▶ **What is needed**
Reproduce exactly, from the data that follows, the line with "Plano Waterproof Stowaway", the line with "Barreda Shoes", and every line that lies between them.
Segment Start: Dataset extract
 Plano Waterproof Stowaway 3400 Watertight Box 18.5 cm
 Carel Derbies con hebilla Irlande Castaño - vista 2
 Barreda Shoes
Segment End: Dataset extract
Segment Start: Dataset extract
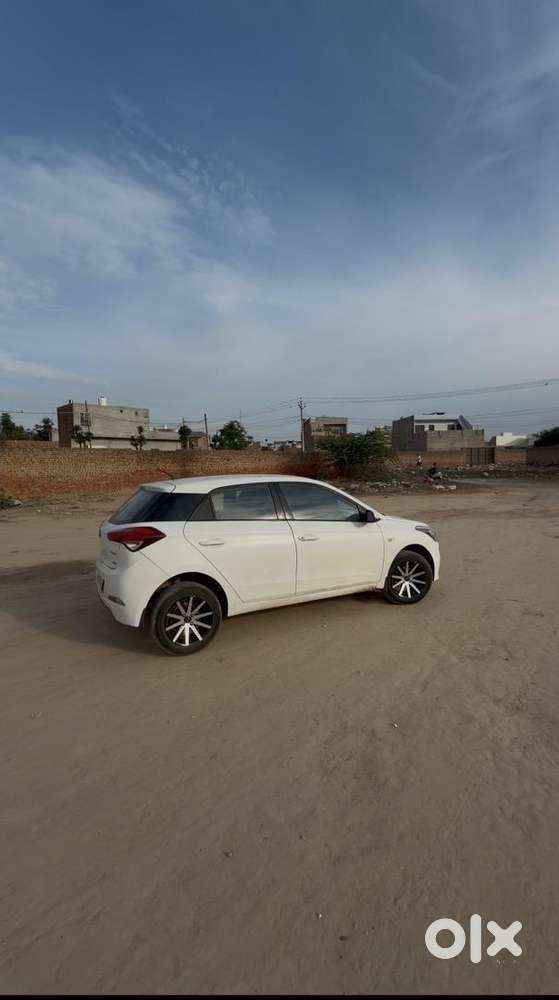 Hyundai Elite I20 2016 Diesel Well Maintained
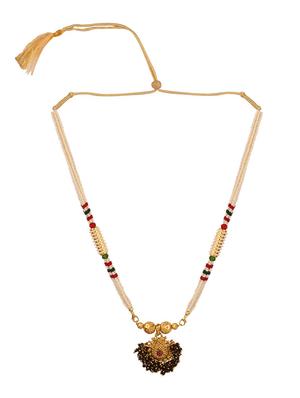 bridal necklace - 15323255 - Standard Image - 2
Segment End: Dataset extract
Segment Start: Dataset extract
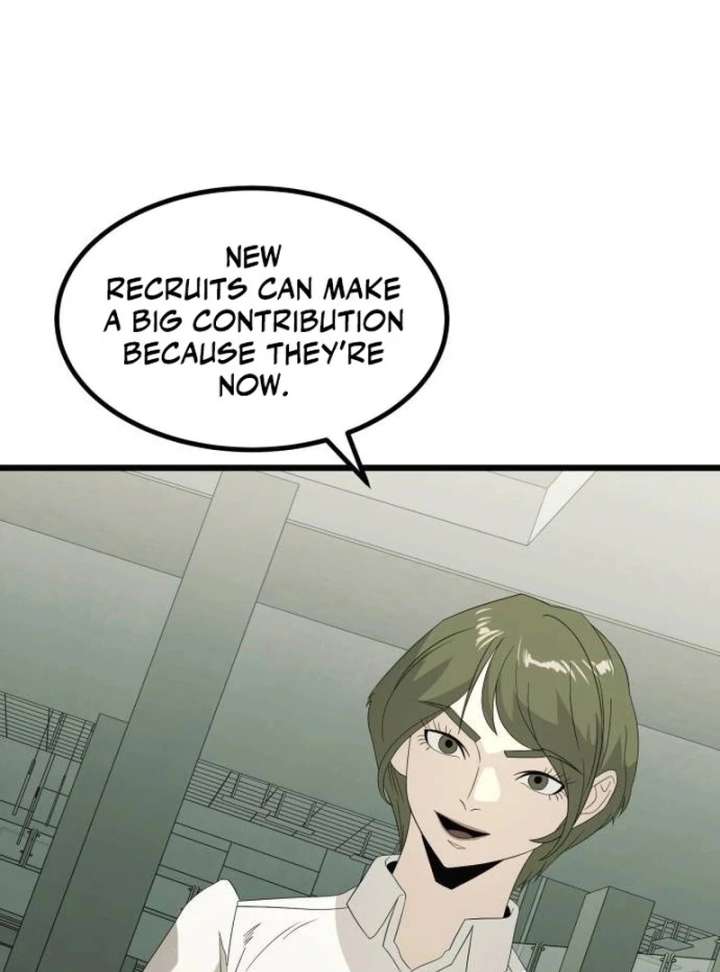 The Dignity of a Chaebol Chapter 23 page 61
Segment End: Dataset extract
▶ **Response**
 Plano Waterproof Stowaway 3400 Watertight Box 18.5 cm
 Carel Derbies con hebilla Irlande Castaño - vista 2
 Barreda Shoes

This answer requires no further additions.